Altering this image was quick and easy; unless you were there, how would you know how it should actually appear?
Altering this image was quick and easy; unless you were there, how would you know how it should actually appear?

Since the introduction of Adobe Photoshop and similar software programs in the early 1990s, photography has changed in some very fundamental ways. Since Adobe developed Photoshop in large measure to aid advertising entities in creating more effective ads by manipulating and retouching reality, it inherently aids in retouching everything that passes through it. Recent iterations of Photoshop, which include a feature called “content aware fill” that is specifically designed to make altering images easy and fast, create an environment in which original photographs are only the beginning building blocks of a final image.

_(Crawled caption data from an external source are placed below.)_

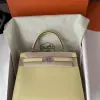  Hermes Kelly 25 1Z Jaune poussin Handmade Epsom Sliver #3538 - Image 14
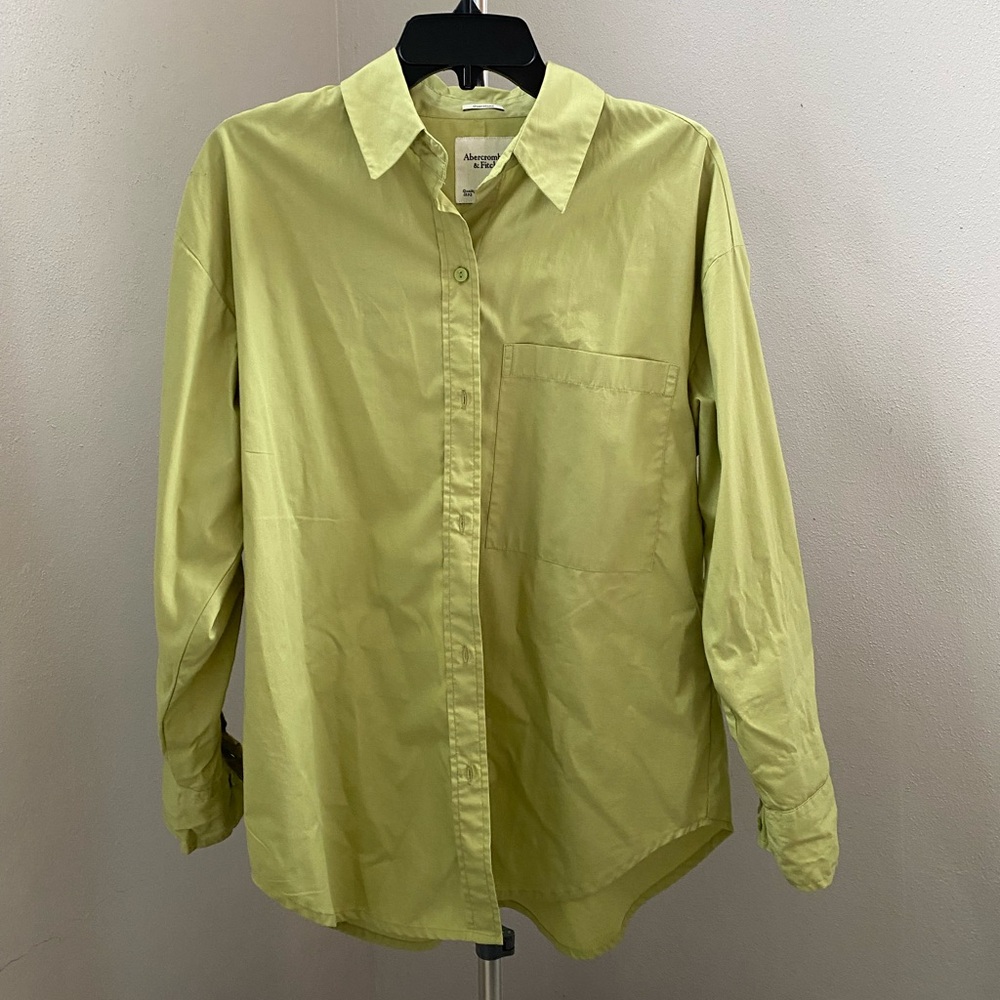 Abercrombie & Fitch Oversized Button-Down Long Sleeve Shirt Lime Green Size S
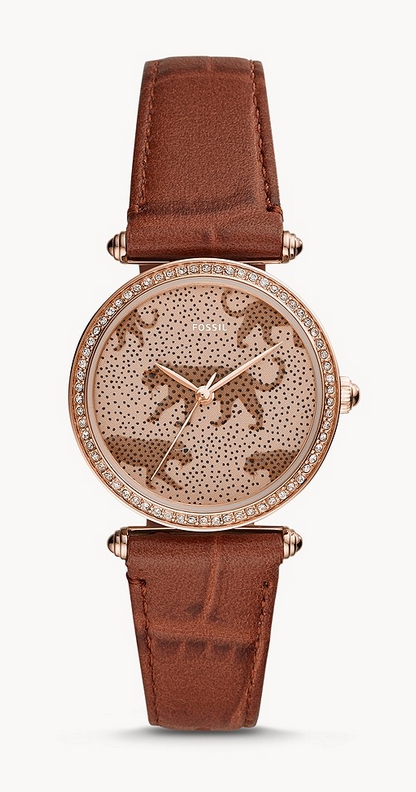 Fossil ES4683 นาฬิกาผู้หญิง Lyric Three-Hand Brown Leather Quartz Women's Watch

Every step toward making it easier to create altered photographs is a blow to the integrity of photography. I’m not talking about photography as entertainment or art, but as a means of recording the human, historical and natural worlds around us. How will we know in 50 years if the photo we see is a record of history or an excellent fake? Some people in my line of work, photojournalism, have lost their jobs because they faked content. But suppose in ten years, when Photoshop 1000 is out, it’s completely impossible to tell if an image has been manipulated? Who writes history then?

Another relevant issue we face today is the decline of the newspaper industry. The way in which it is declining is, in my estimation, a threat to free societies throughout the world: newspapers aren’t being replaced by latter-day electronic news agencies, they are being replaced by bloggers, Tweeters, Facebookers, “e-reporters”, and an increasingly less-qualified cadre of people who supposedly “report” the news simply because they have access to technology. Their biggest deficiency is not that they lack credibility, which they do, but that they lack accountability. Who do you sue if you are slandered by some anonymous guy who took your picture with an iPhone and posted it somewhere? What stops him from claiming you are stalking grade-schoolers?

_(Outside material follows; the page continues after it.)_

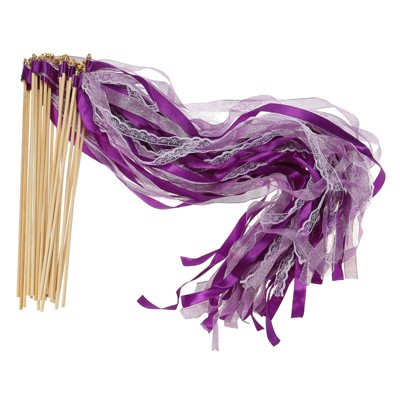 Unique Bargains Party Favor Wooden Handle Lace Ribbon Sticks Fairy Wands 25 Pcs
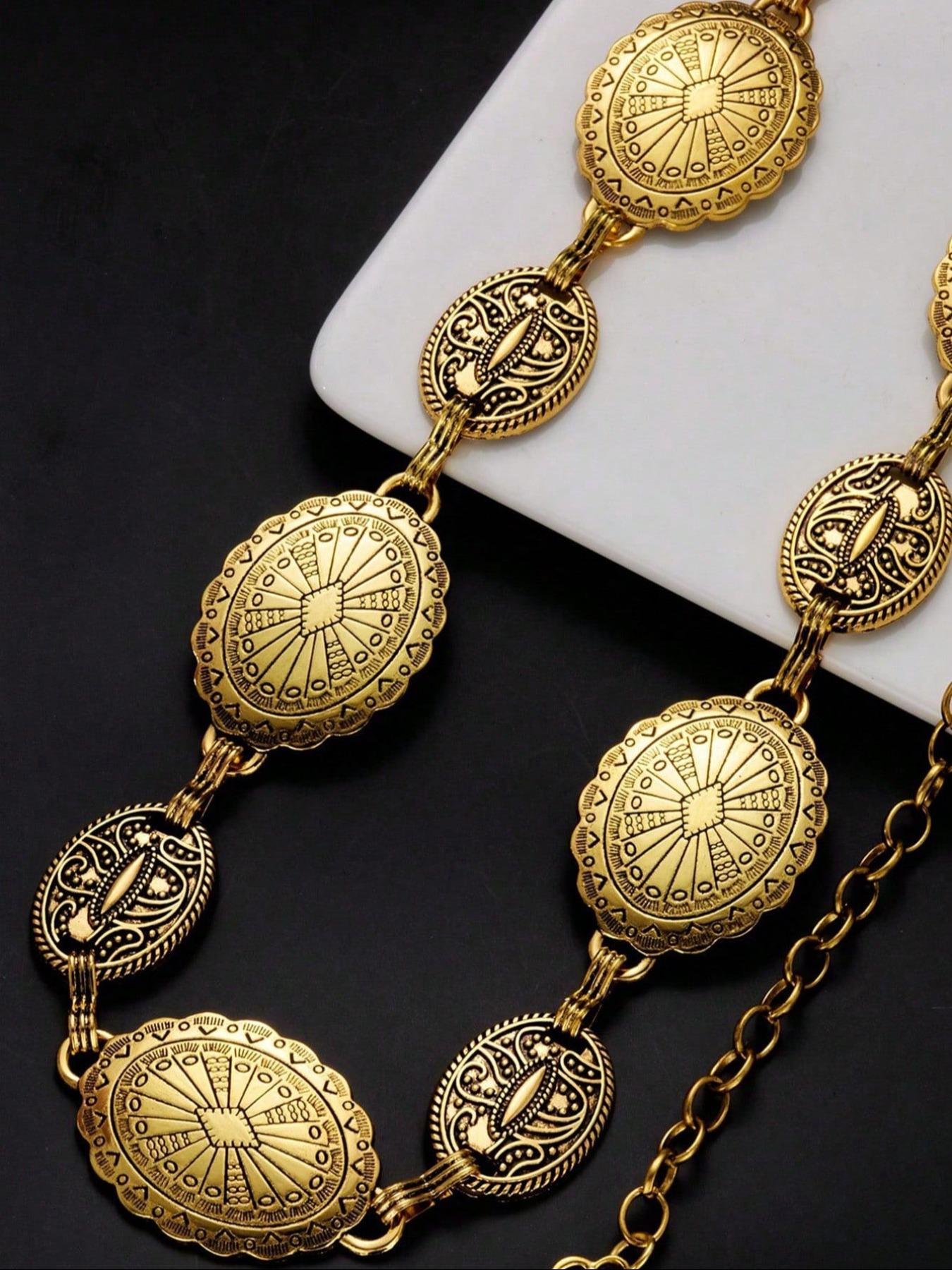 Women's Vintage Metal Waist Chain, Exaggerated Carved Texture Belt Buckle, Fashionable All-Season Accessory, Perfect for Dresses & Vintage Body Jewelry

I don’t know how to stop the slide from genuinely representing the world around us to a world that is represented by fakes, except to say that I myself will always maintain the integrity of my imaging.

1 Comment

  1. “except to say that I myself…”

    And that’s really all that any of us can do, from the production end.

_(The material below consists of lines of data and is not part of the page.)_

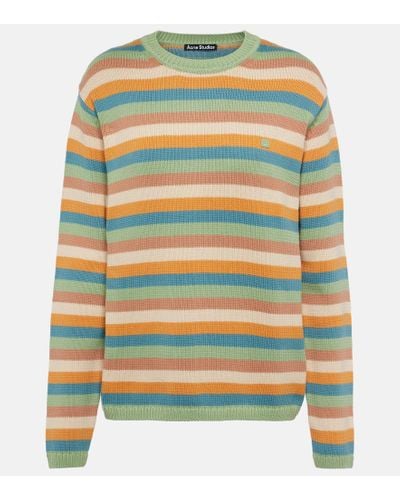 Acne Studios Striped Cotton Sweater - Yellow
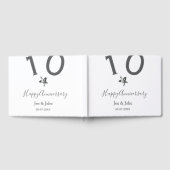Glücklicher 10-jähriger Jubiläumsname Datum grauer Gästebuch (Voll)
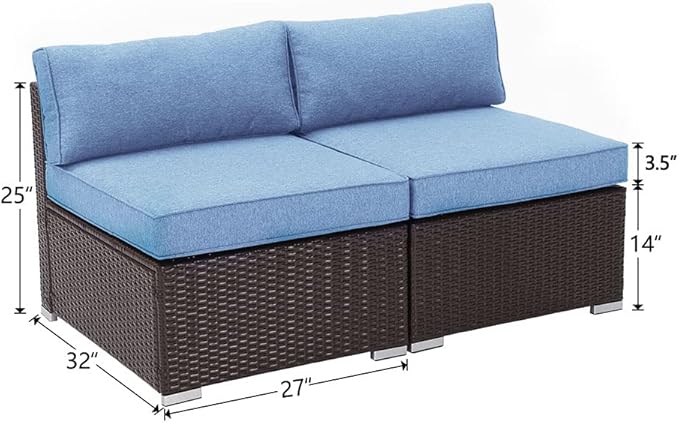 COSIEST 2-Piece Outdoor Furniture Add-on Armless Chairs for Expanding Chocolate Brown Wicker Sectional Sofa Set w Heritage Blue Thick Cushions for Garden, Pool, Backyard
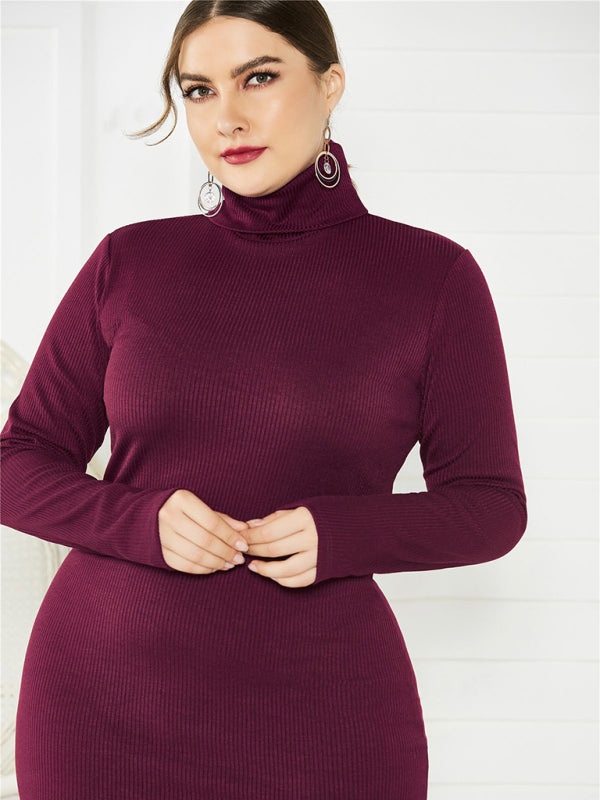 Green Long Sleeve Turtle-Neck Midi Dress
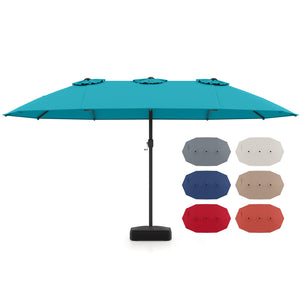 15 Feet Double-Sided Twin Patio Umbrella with Crank and Base Coffee in Outdoor Market-Turquoise view 4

    However, I tend to believe that accountability comes from (in the end) the viewer/reader. Throughout history, when even newspapers were shown to be less than credible, they were eventually caught out, usually by other news agencies.

    I *hope* it will be the same for Average Joe who reports the “news,” and we can already see examples of this. When someone’s not telling the truth, if the story is big enough, someone will call them out on it.

    As for Photoshop (etc.):

    I think you and I are part of a dying breed: photographers who want to record “what I saw at the time” and have their images reflect that as accurately as possible.